Even when that crisis passed and Midway was reassured of its immediate future, the recession caused property valuations to decrease in Kansas. That, in turn, affected tax revenue issued to schools and other public institutions.
Once again, the district’s project was affected.
“The state has cut equalization aid out of capital outlay,” Noble said. “We used to get an additional about 25 percent state matching funds of what we generate locally (through property taxes) to fund our capital outlay because we’re a poor district, valuation-wise.”
But because agricultural property valuations within USD 410 remained relatively stable compared to residential and oil-and-gas properties elsewhere in the state, 410’s rank among other school districts actually climbed, meaning less state equalization aid than had been anticipated.
That threw a monkey wrench into the board’s intention to spend $250,000 on the Midway remodel.
The district has about $150,000 left of the bond-and-interest money earmarked for the project and almost $700,000 in its capital outlay fund. But the district needs a sizeable reserve in the capital outlay plan in case of major facility emergencies and repairs, Noble said.
“If we had used all the bond-and-interest money, the bond-and-interest mill levy would have jumped by 3 mills,” Noble said.
To avoid a local property-tax increase in tough times, the board accepted Noble’s recommendation at its recent meeting to use the $150,000 in bond-and-interest to pay down the debt.

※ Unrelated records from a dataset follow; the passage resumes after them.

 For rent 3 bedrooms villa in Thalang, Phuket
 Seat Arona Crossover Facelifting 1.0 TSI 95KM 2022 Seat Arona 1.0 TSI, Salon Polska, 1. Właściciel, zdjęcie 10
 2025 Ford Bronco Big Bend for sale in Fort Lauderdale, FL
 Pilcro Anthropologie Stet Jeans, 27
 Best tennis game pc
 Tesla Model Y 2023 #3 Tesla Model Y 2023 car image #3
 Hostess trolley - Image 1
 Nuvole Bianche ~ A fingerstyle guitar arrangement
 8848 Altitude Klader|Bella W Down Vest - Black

One other financial factor is an outgrowth of the recession: Tax collection rates have gone down in the USD 410 area. It was as high as 95 percent five years ago, but has slipped to 90 percent this year as strapped taxpayers ask for extensions or ignore payment deadlines.
“We will eventually collect (extension money), but not in this budget year, and that doesn’t help us,” Noble said.
Hoping for good bids
The board is proceeding with the hope that bids for the project will come within the $250,000 cap. If they don’t, the board may decide to pursue the project in phases over time, Noble said.

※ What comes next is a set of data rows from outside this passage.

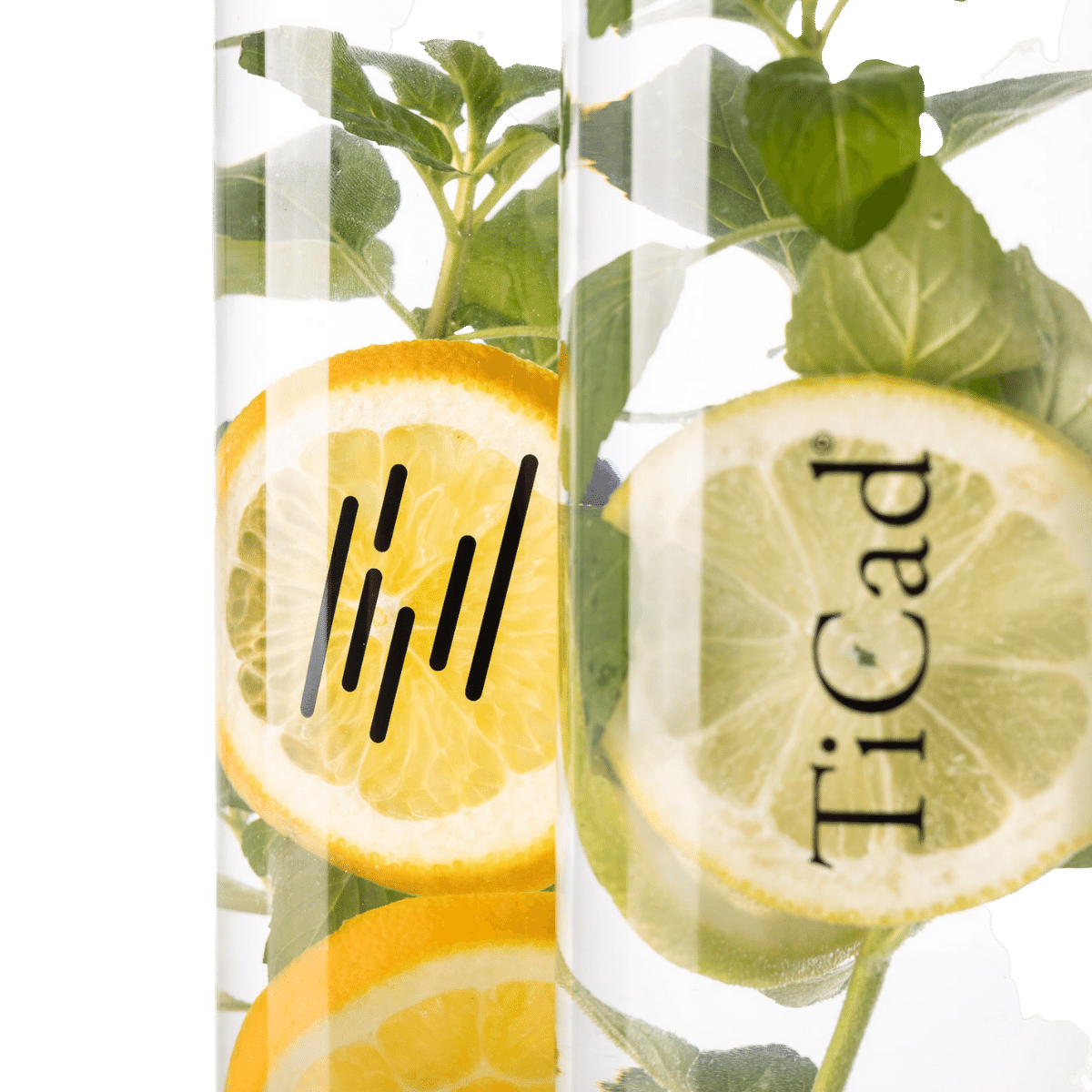 Bouteille de sport TiCad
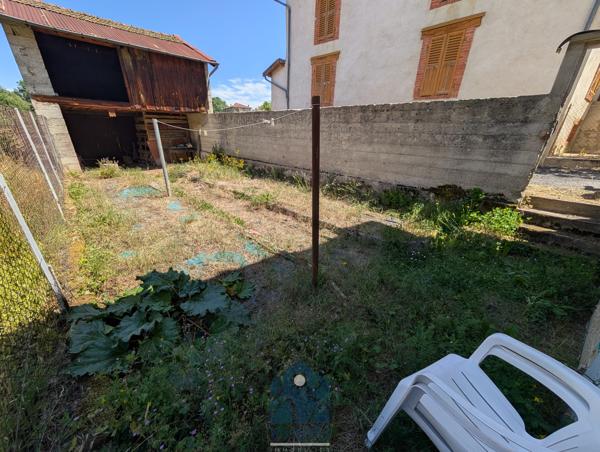 Maison de ville - 53m² - 3 pièces
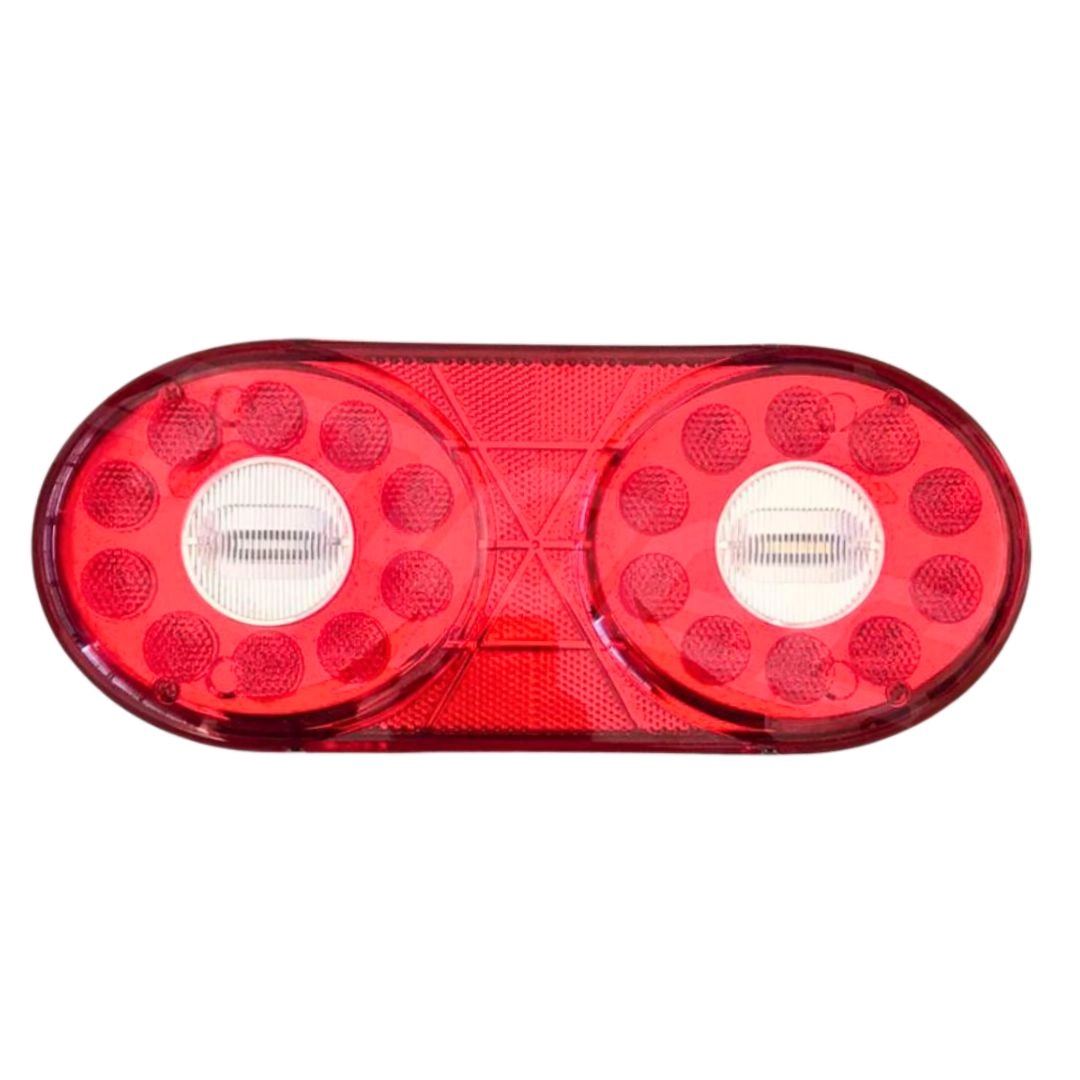 Lanterna Traseira Carreta Randon Refil Full LED Apos 2013 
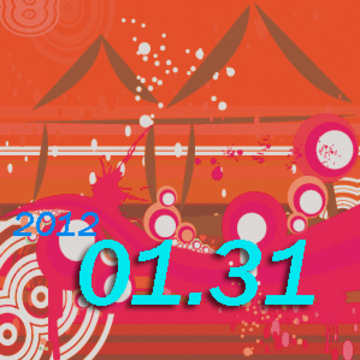2012.01.31 Rain check產品圖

The priority phase is the office area, which includes new exterior walls to replace the large, energy-inefficient showroom windows on the building’s south end.
“We’ll insulate the walls and have more standard, energy-efficient windows,” Noble said.

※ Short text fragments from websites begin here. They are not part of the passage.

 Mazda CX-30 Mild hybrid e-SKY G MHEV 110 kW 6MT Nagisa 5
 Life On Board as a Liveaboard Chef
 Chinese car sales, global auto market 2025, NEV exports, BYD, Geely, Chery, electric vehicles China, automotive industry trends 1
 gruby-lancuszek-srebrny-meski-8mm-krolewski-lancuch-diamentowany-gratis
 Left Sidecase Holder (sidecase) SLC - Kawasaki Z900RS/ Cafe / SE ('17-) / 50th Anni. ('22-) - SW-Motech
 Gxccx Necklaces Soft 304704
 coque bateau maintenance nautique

A second phase that could be delayed would include a new board room and some back offices.
A third phase would be a double-door vestibule entry to the offices on the west side of the building.
For all the delays and headaches, Noble said the new central office and transportation center is an important project for USD 410.
First, the project will have a major cost-saving benefit. Once the project is completed, the district, for the first time, will be able to keep all of its buses under a roof.
“We’re very excited about that,” Noble said. “I’m not saying it will be that way all the time, but significant number of nights we will have our buses inside, particularly when bad weather is coming.
“That does a couple of things for us,” he added. “Our buses will then start and run better on a cold morning, and the wear and tear on our buses will significantly decrease because they won’t be in the elements all the time, like they are now.”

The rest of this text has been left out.